_TASK TO CARRY OUT_
The listing below holds pictures; exclude them. Return exactly the lines from the one with "Women's Beige Crochet" through the one with "hida in Pink Neon style - 3D name wallpaper".

_DATA FOR THIS EXERCISE_
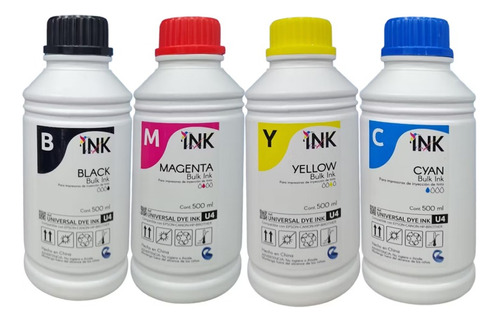 4 Medios Litros Tinta Para Eps L210 L475 L555 L565 L380 L310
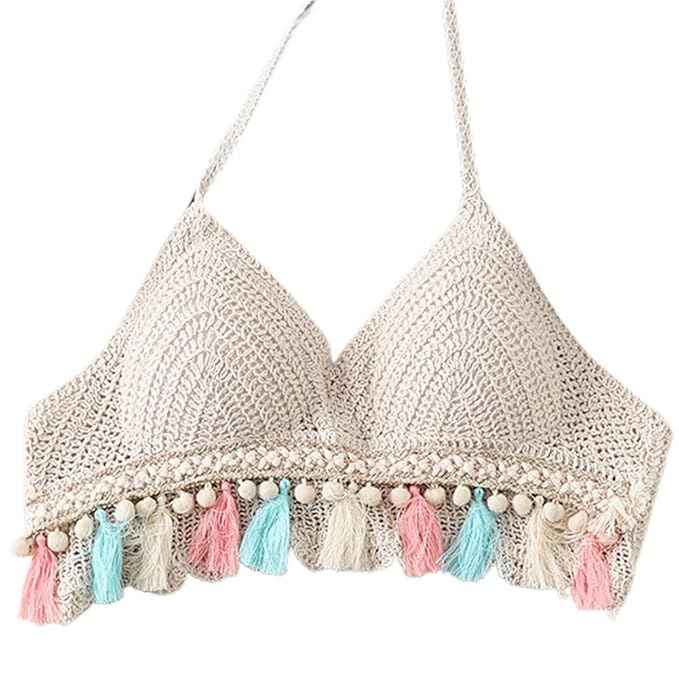 Women's Beige Crochet V Neck Padded Bikini Tops Backless Lace Up Beachwear Bralette Crop Top
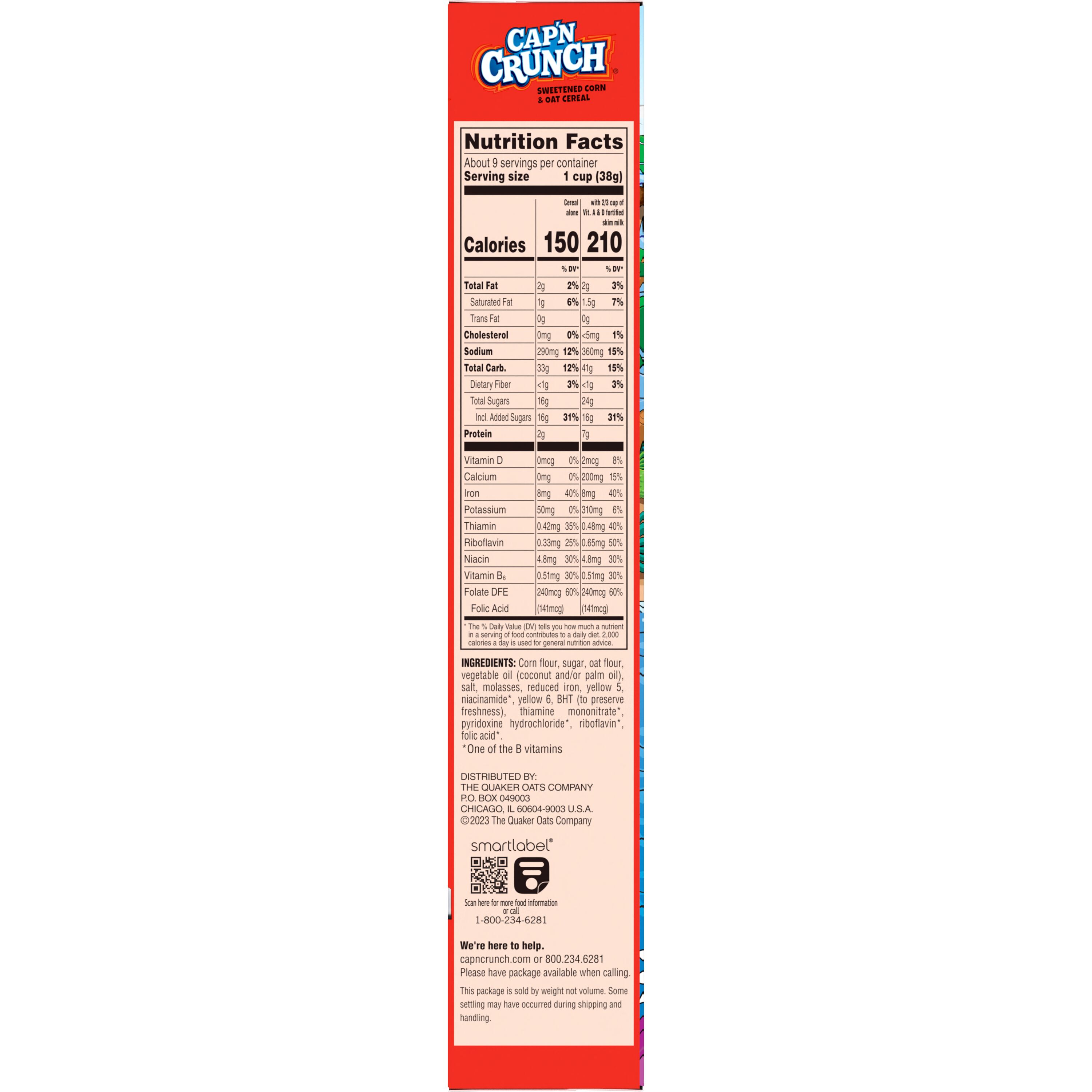 Cap'n Crunch, Sweetened Corn & Oat Cereal thumbnail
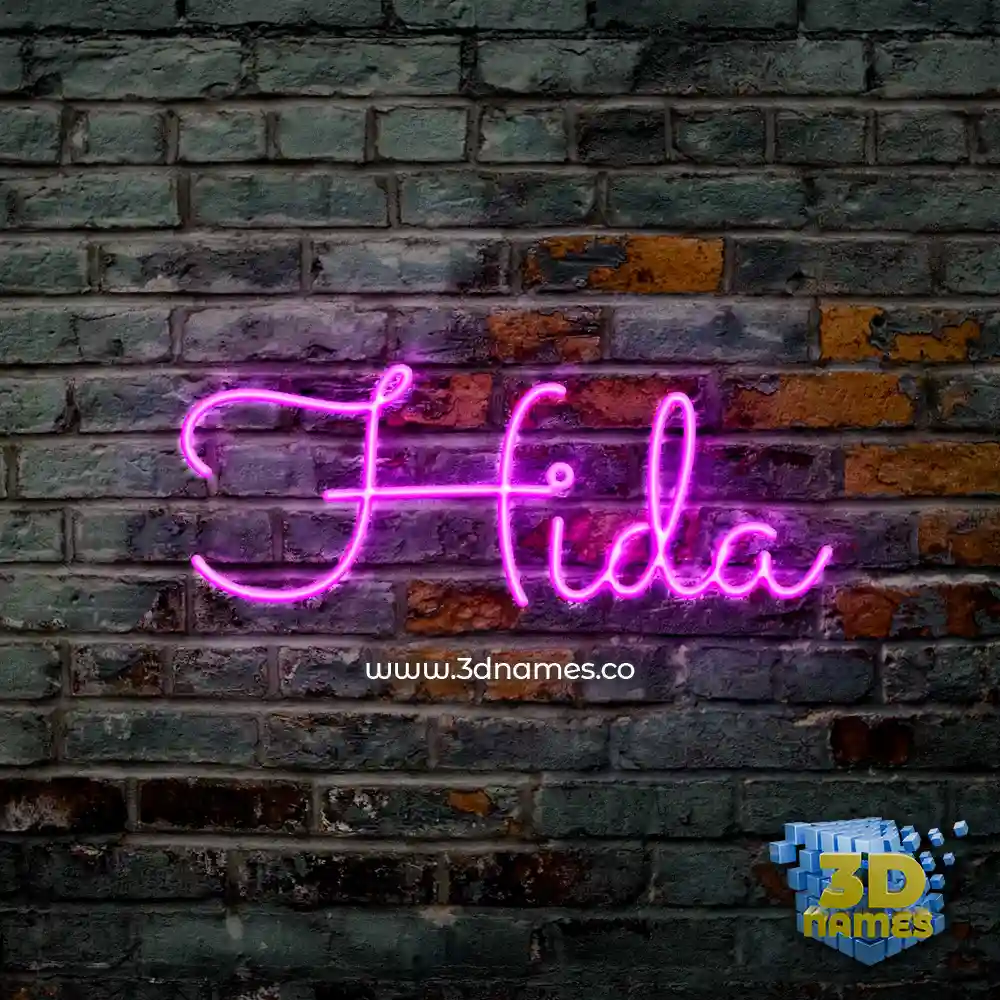 hida in Pink Neon style - 3D name wallpaper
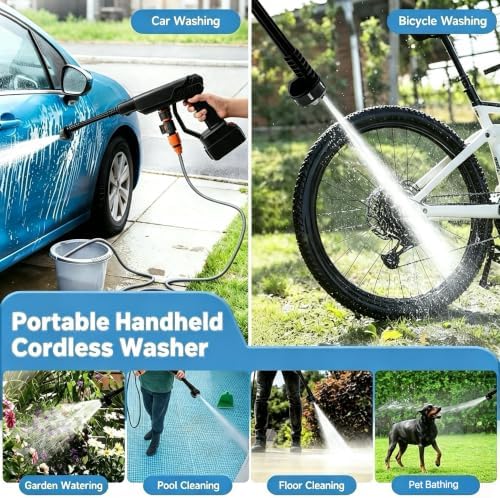 Cordless Portable Washer, Car Wash Kit, 6-in-1 Nozzle, 5 Meter Hose, 900 Max PSI Water Jet, Draw Water Anywhere, for Cars, Fences, Driveways, Home, Garden - Image 4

_ANSWER TO THIS EXERCISE_
 Women's Beige Crochet V Neck Padded Bikini Tops Backless Lace Up Beachwear Bralette Crop Top
 Cap'n Crunch, Sweetened Corn & Oat Cereal thumbnail
 hida in Pink Neon style - 3D name wallpaper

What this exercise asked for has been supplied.